What is Positional Encoding

In natural languange processing, it’s common to have

1
sentence ("I love ice cream") -> token ("I", "love", "ice", "cream") -> embedding(100, 104, 203, 301) -> + positional encoding = (101, 105, 201, 299)

In self attention, we calculate weights for all embeddings in queries, keys and values. However, word order is also important. E.g., “I ride bike” is not the same as “bike ride I”.
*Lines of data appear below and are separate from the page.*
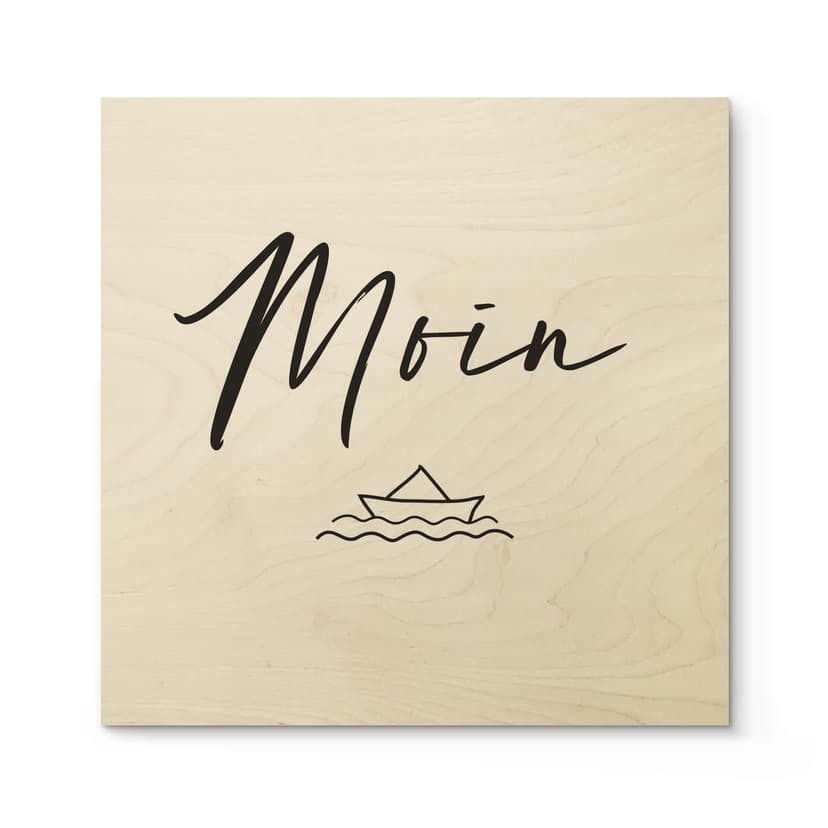 Stampa su legno - Moin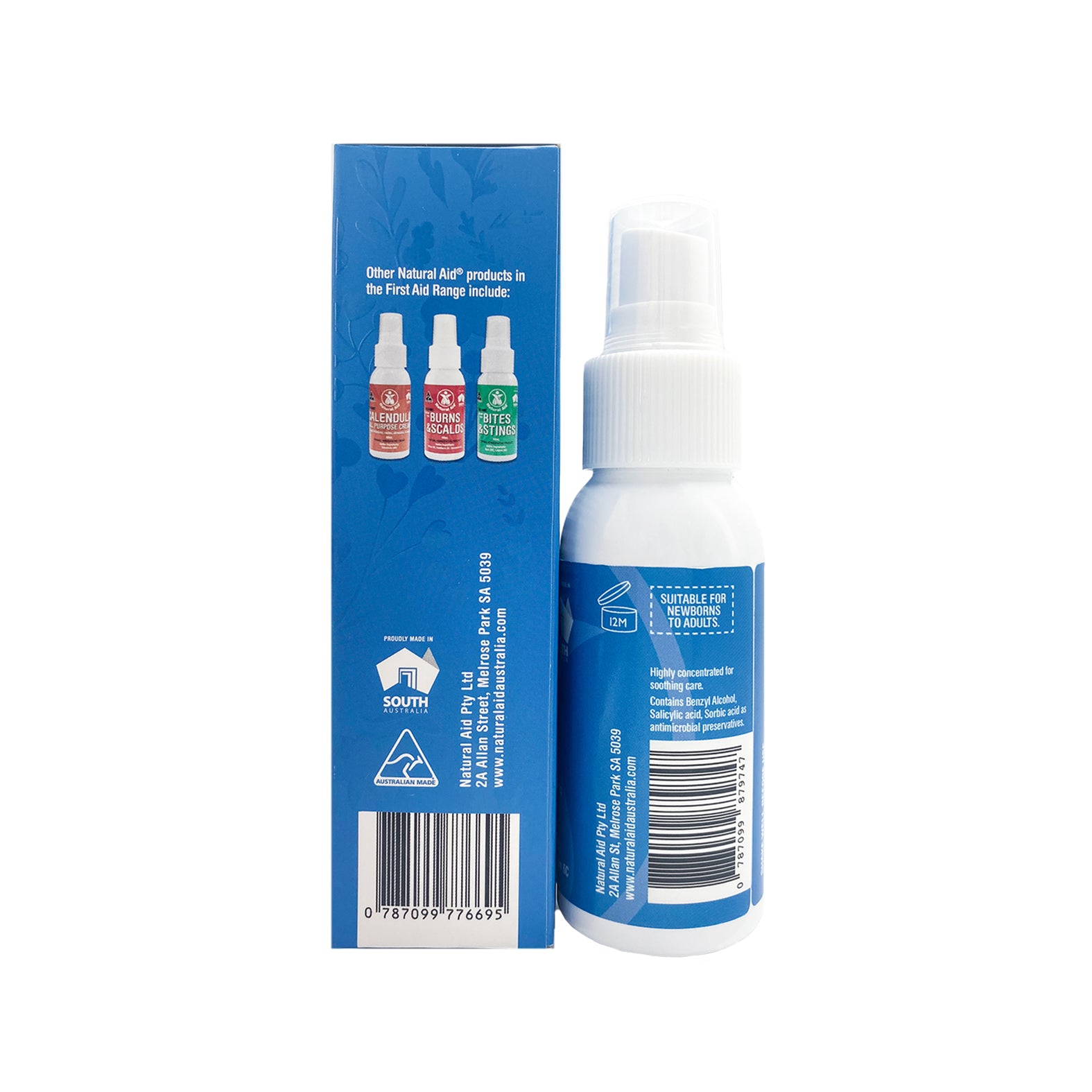 Natural Aid Injury Recovery Cream / Muscular Pain Cream 60ml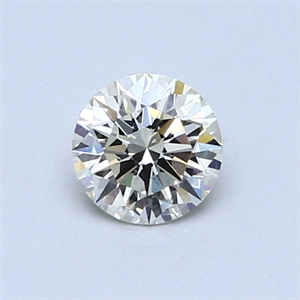 Picture of 0.55 Carats, Round Diamond with Excellent Cut, H Color, VS1 Clarity and Certified by EGL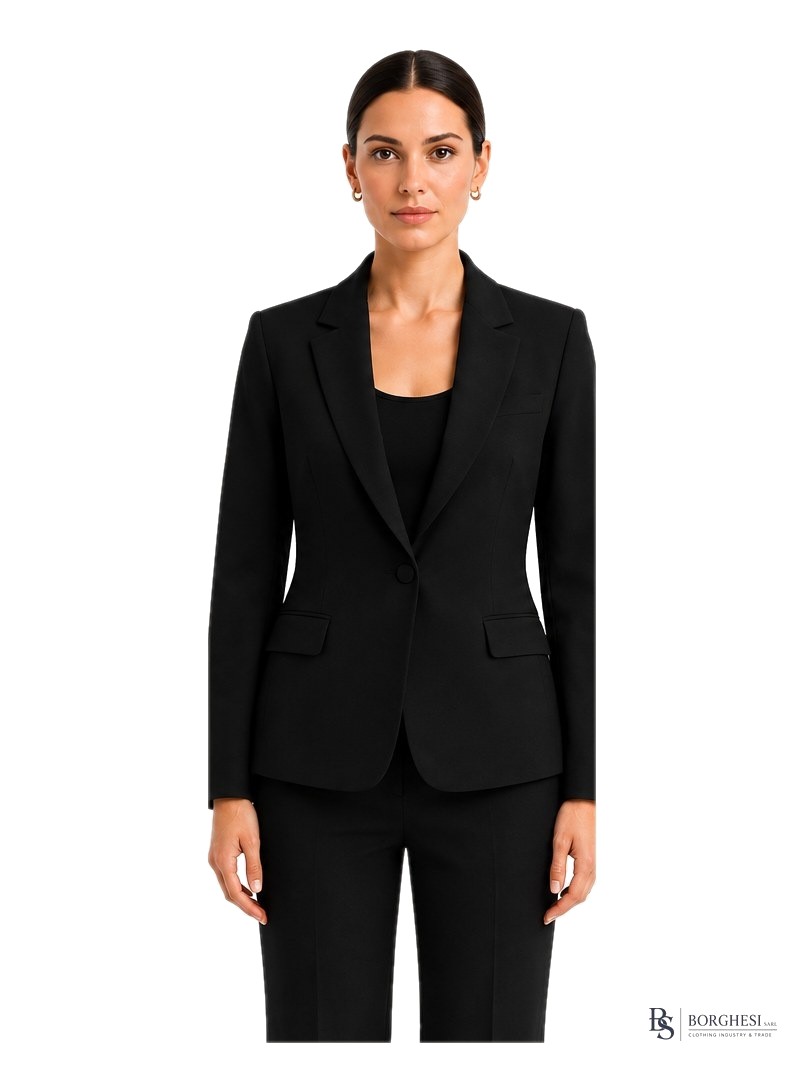 Tailored Blazer & Wide-Leg Trousers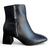 Bota Casual Feminina Cano Curto Zipper Salto Bloco Vizzano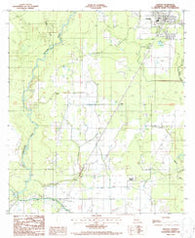 Oberlin Louisiana Historical topographic map, 1:24000 scale, 7.5 X 7.5 Minute, Year 1986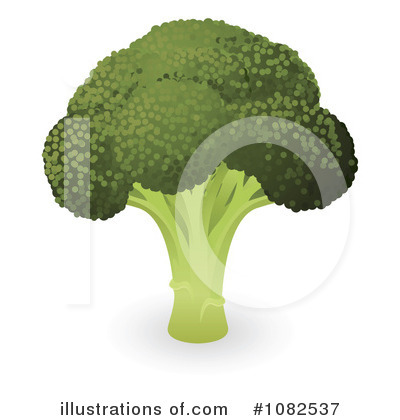 Royalty-Free (RF) Broccoli Clipart Illustration by AtStockIllustration - Stock Sample #1082537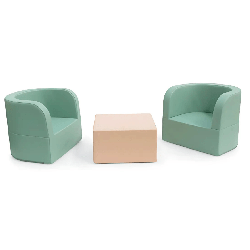 Ensemble de fauteuils avec carré - Papouille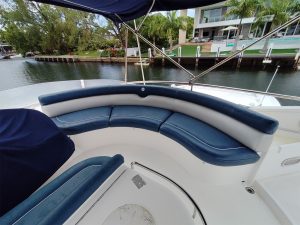 Reupholstered Boat Couch with Storage
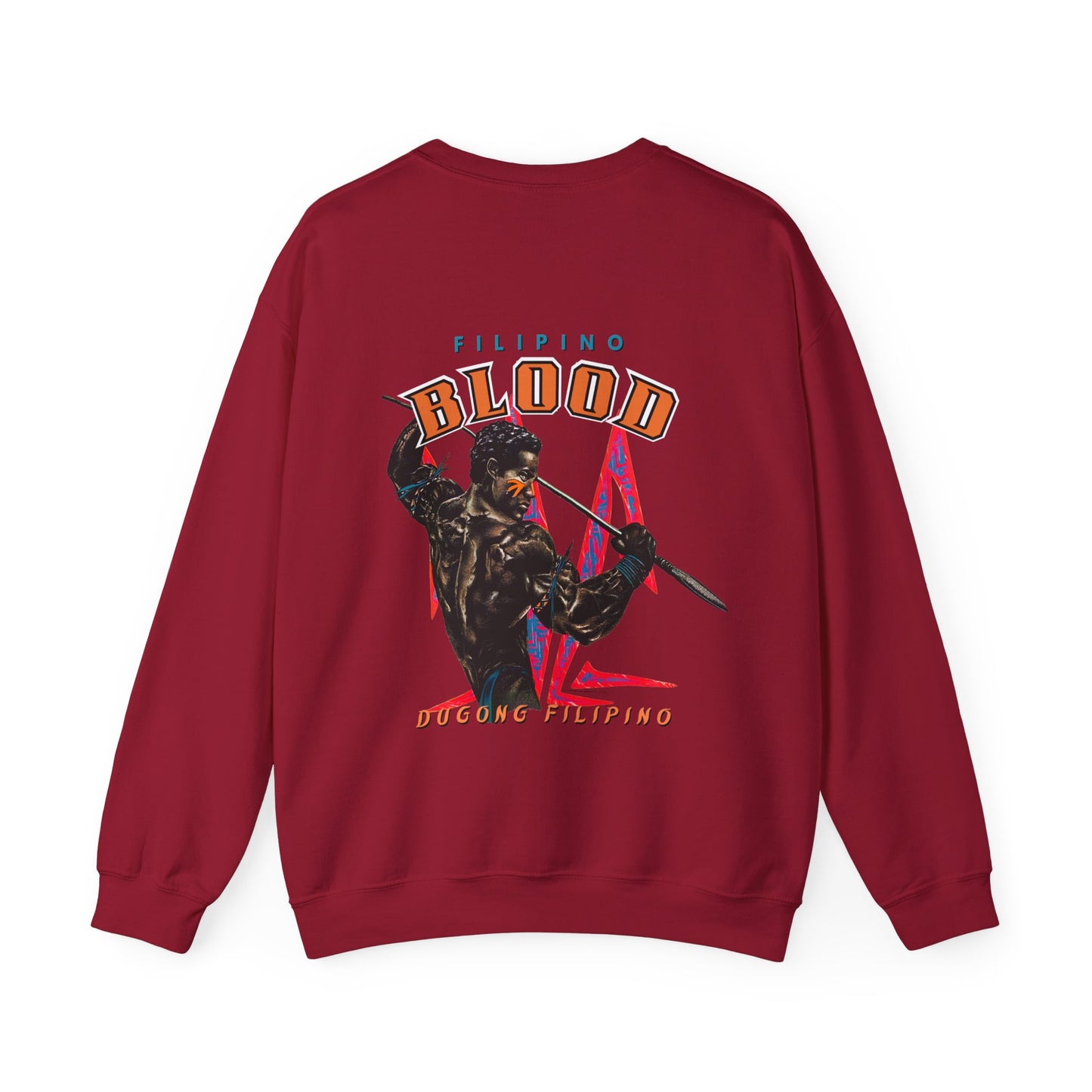 Filipino Strength Filipino Blood Dugong Filipino Vintage Design 90s New Print Unisex Heavy Blend™ Crewneck Sweatshirt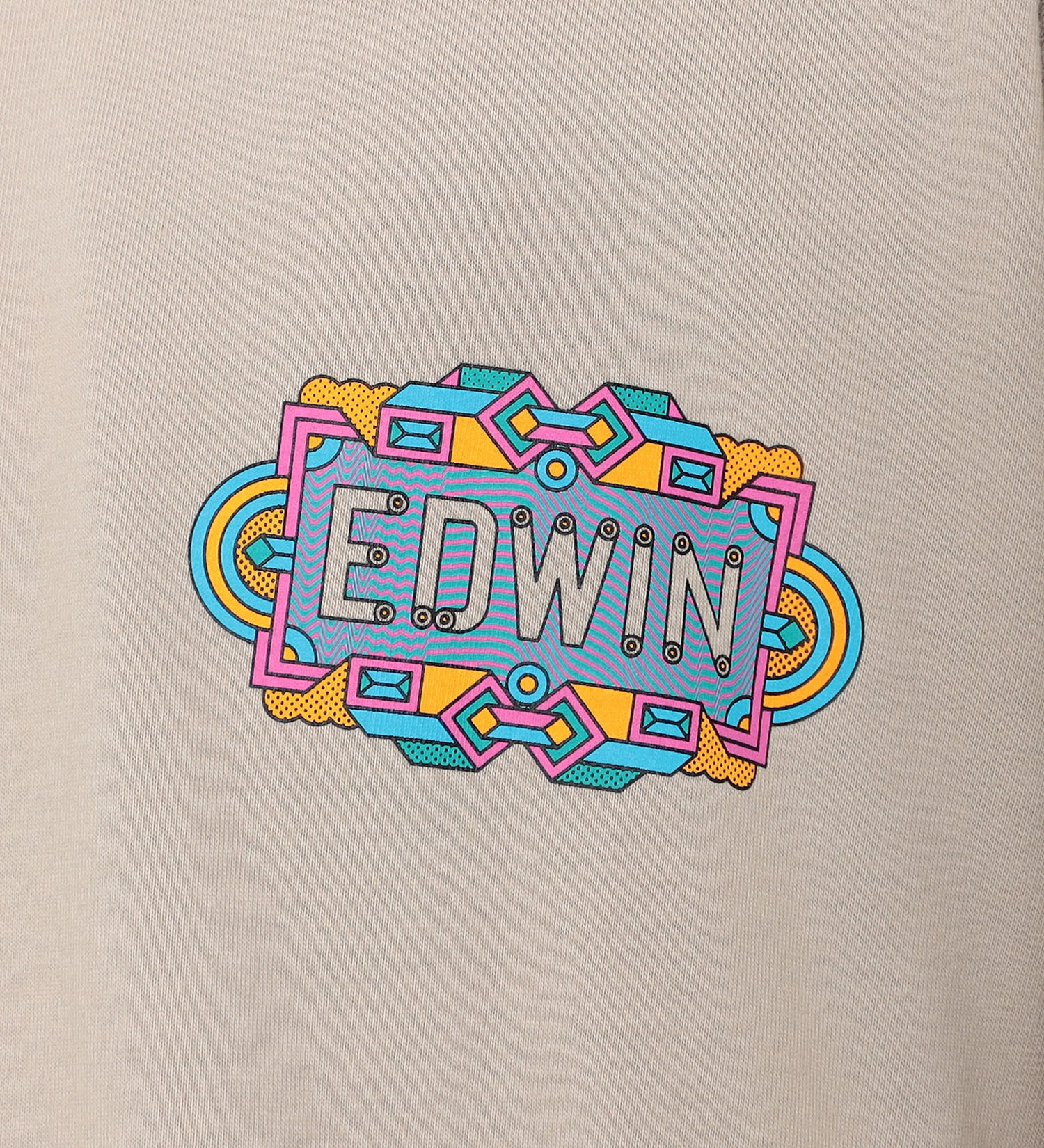 EDWIN(エドウイン)の【SALE】【ユニセックス】EDWIN x Supermundane アーティストコラボTシャツ|トップス/Tシャツ/カットソー/メンズ|ライトグレー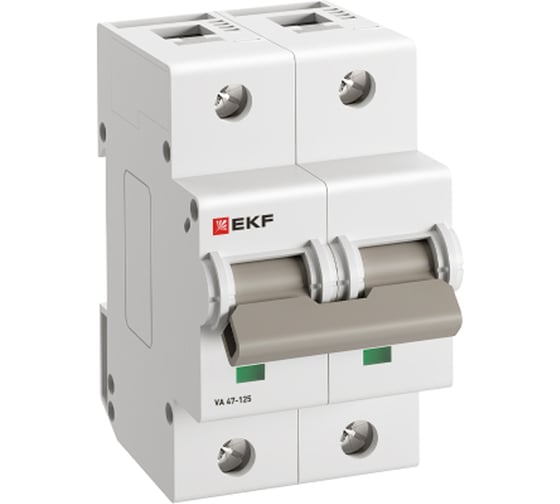 Автоматический выключатель EKF ВА 47-125 2P 10А (D) 15кА PROXIMA mcb47125-2-10D 1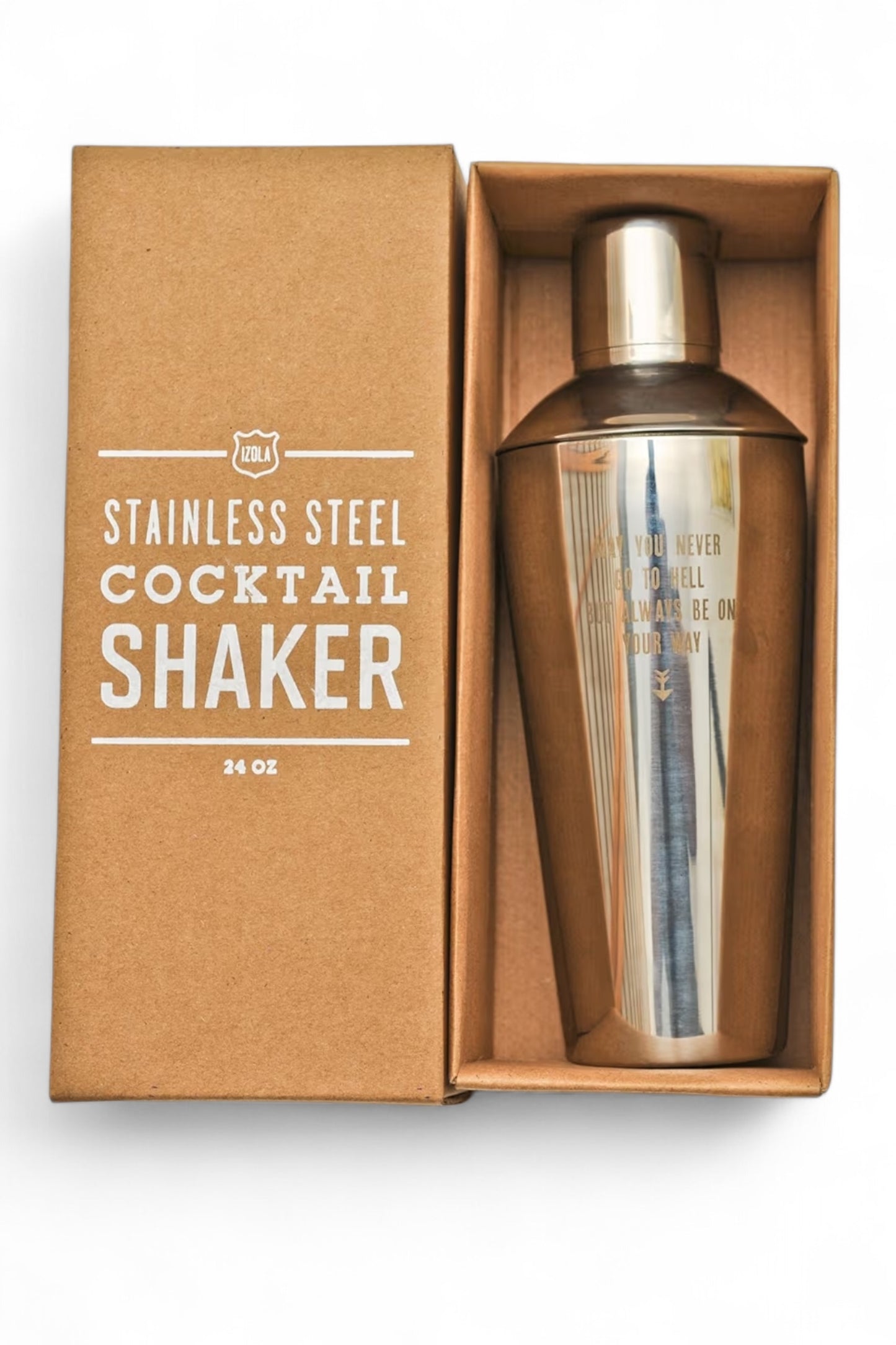 Always be on your way cocktail shaker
Given an input sequence X0, X1 ... Xn, we want to find a time encoding such that:

  • the time encoding represents the order of time
  • the time encoding value is smaller than the embedding space. Otherwise, the encoding could distort the semantic embeddings. sine and cosine are great since they are only within [-1, 1].
  • each input has a unique encoding
  • time encoding dimension should be the same as the input dimension

Additionally,

  • When reduced embedding to 2 dimensions, semantically closer words are closer on the chart.
  • In transformer, positional encoding is added to the word embedding

We arrange the input sequence into an nxd vector

For time i, embedding_dimension d columns 2j and 2j+1, the encodings are:

\[\begin{gather*} encoding(i, 2j) = sin(\frac{i}{10000^{(2j/d)}}) \\ encoding(i, 2j+1) = cos(\frac{i}{10000^{(2j/d)}}) \end{gather*}\]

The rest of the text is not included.